++++ Provided data ++++

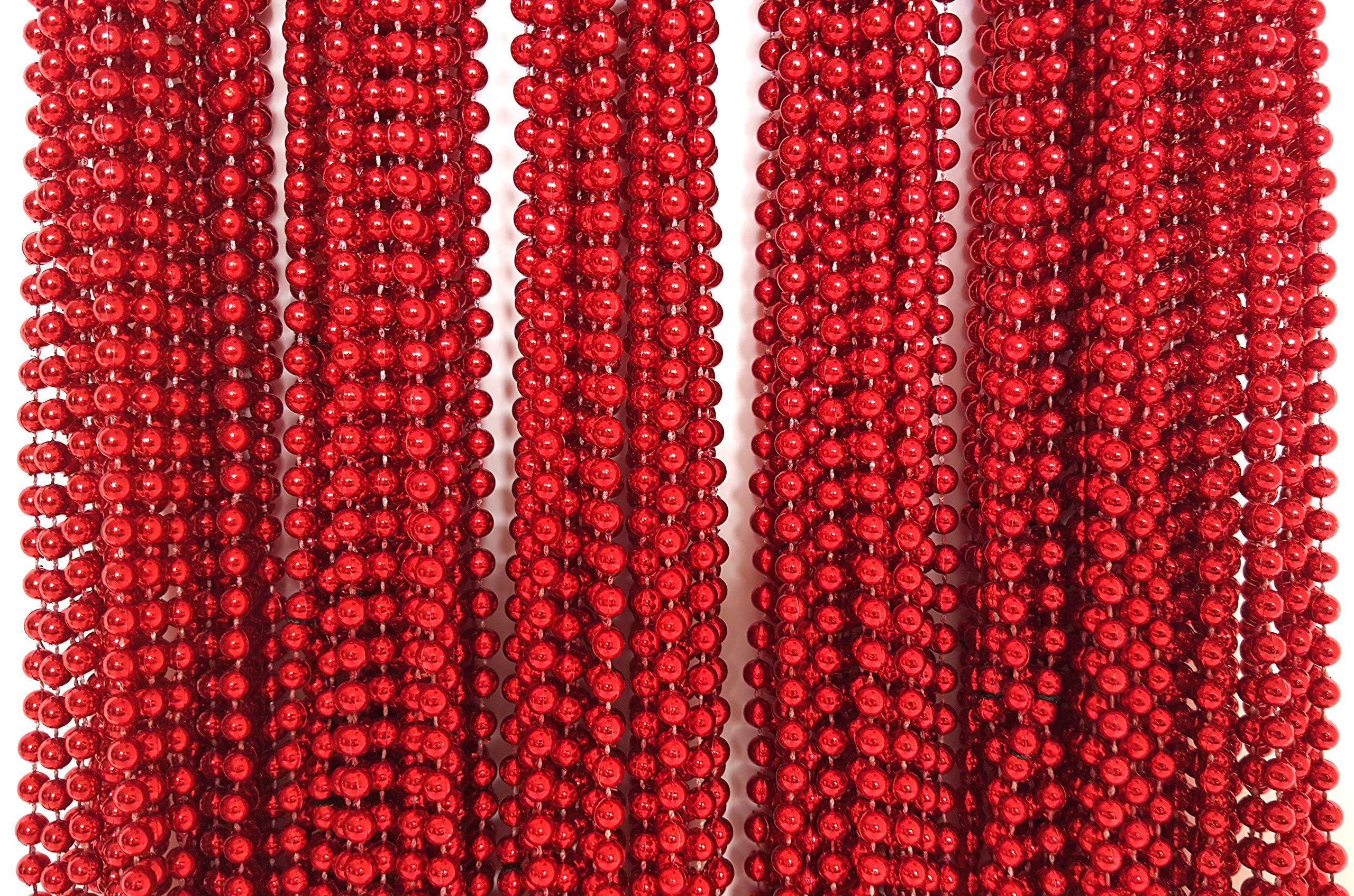 Dondor 72-Pack Festive Metallic Beaded Necklaces - 33-Inch Red Beads for Parties and Celebrations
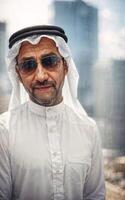 rich arab businessman in Traditional White Outfit in big city in background, generative AI photo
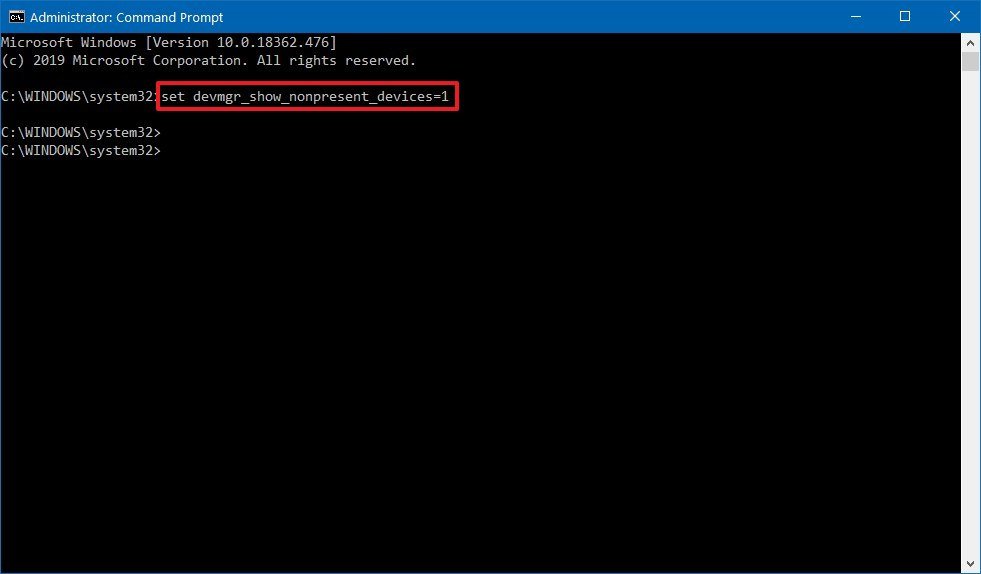 Command Prompt enable hidden devices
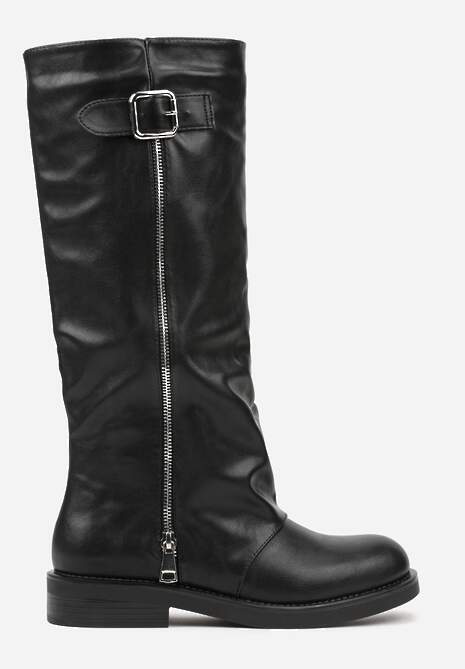 Czarne Kozaki w Stylu Bikerów z Klamrą i Suwakiem Linfara 4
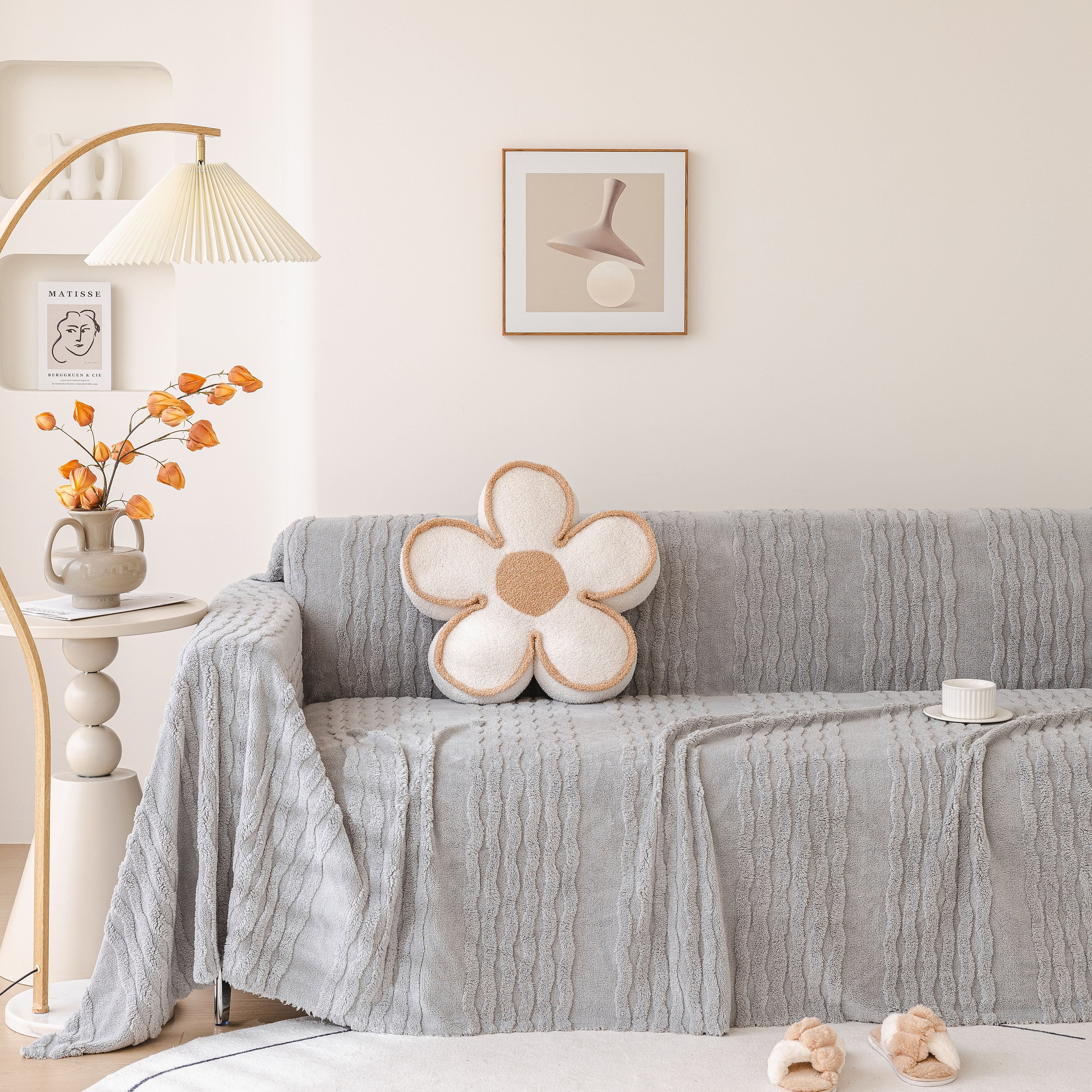 Modern 3D Water Ripple Sofa Cover, Non-Shedding Cream Style Furniture Protector Throw - Image 40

++++

**Problem to work on:** Start with the line holding "Command Prompt enable hidden devices" and repeat exactly every line through the final line of the records above, but no pictures and nothing more.

**Solution to this exercise:**
 Command Prompt enable hidden devices
 Czarne Kozaki w Stylu Bikerów z Klamrą i Suwakiem Linfara 4
 Modern 3D Water Ripple Sofa Cover, Non-Shedding Cream Style Furniture Protector Throw - Image 40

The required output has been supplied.